Since diann 1.9 version, diann results could be directly export to skyline. Thanks to this very useful option.
To the slice-PASEF or Diagonal-PASEF acquisition, skyline is able to extract MS1 scan of the peptide but fail to extract MS2 ions.
Something was wrong in my parameters or skyline is not compatible to these acquisition methods?

Thanks
Jerome

 
 
Nick Shulman responded:  2024-10-14 06:44
Are you seeing some sort of error message?
If you send us your files we can try to figure out what is going wrong.
I am not sure what files we would need but maybe you could package everything into a .zip file and upload it here:
https://skyline.ms/files.url
--Nick
 
JeromeVia responded:  2024-10-17 04:01
I upload just now
file name
Hela_DiagonalPASEF

I also add the reference skyline wirh DiaPASEF method
Hela_diaPASEF
 
Nick Shulman responded:  2024-11-05 16:38
Thank you for uploading those files.
I am not sure what I am supposed to be looking at.
Can you post a screenshot of what you are seeing and describe what you were hoping it would look like?

-- Nick
 
JeromeVia responded:  2024-11-08 02:10
Hi
I uploaded bruker data with DiagonalPASEF acquistion method.
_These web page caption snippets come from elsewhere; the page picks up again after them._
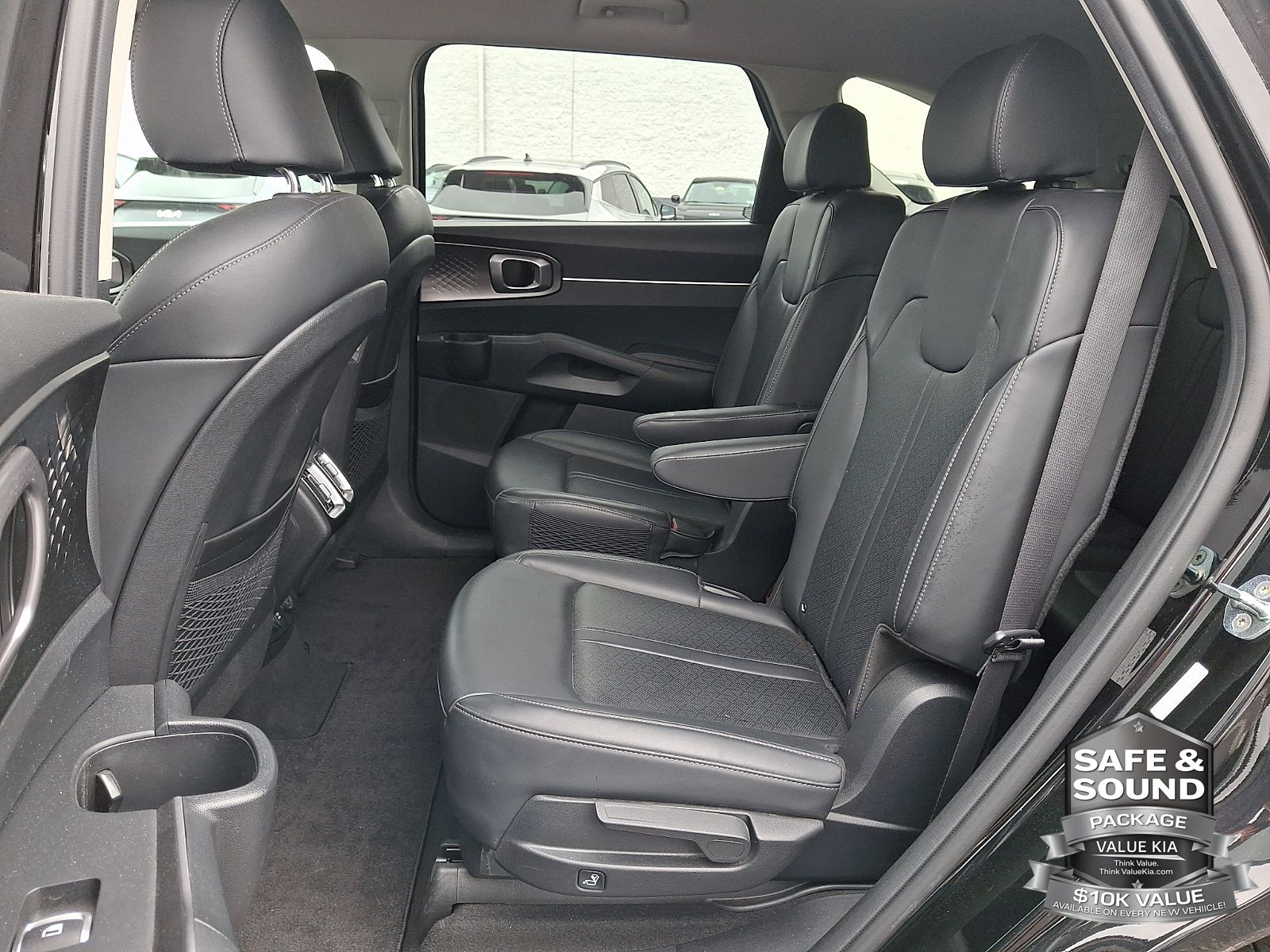 2023 Kia Sorento EX Hybrid - Photo 12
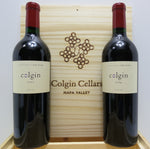 2002 Colgin Cellar Cariad Cabernet - 99 pts - 750ml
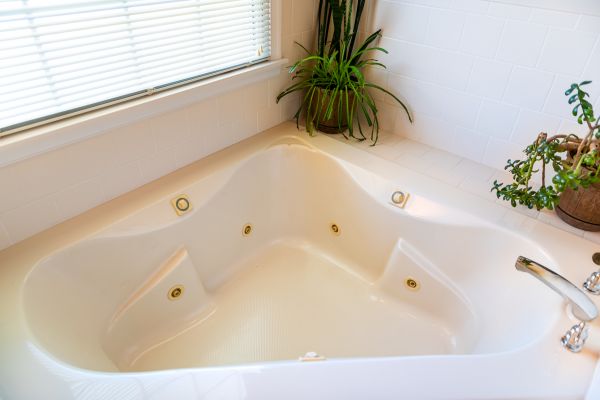 Soaking Tub Installation in Brownsburg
You could play with it and see what's wrong

File name: JeromeVia_241108.rar

Jerome
 
Nick Shulman responded:  2024-11-08 10:36
Thank you for uploading those Bruker .d data folders.
Those are slightly different runs than were in your original Skyline document "Hela_DiagonalPASEF.zip" but I think they are showing the same characteristic jagged chromatograms like in the attached screenshot "JaggedChromatogram.png".
If you click on a point along the chromatogram Skyline will show you the spectrum which contributed to that extracted chromatogram point. You can click the wrench button to show the properties.
There are many points on the chromatogram which have exactly the same retention time but slightly different intensities. These points come from spectra that have slightly different ion mobility values and also slightly different isolated precursor m/z's.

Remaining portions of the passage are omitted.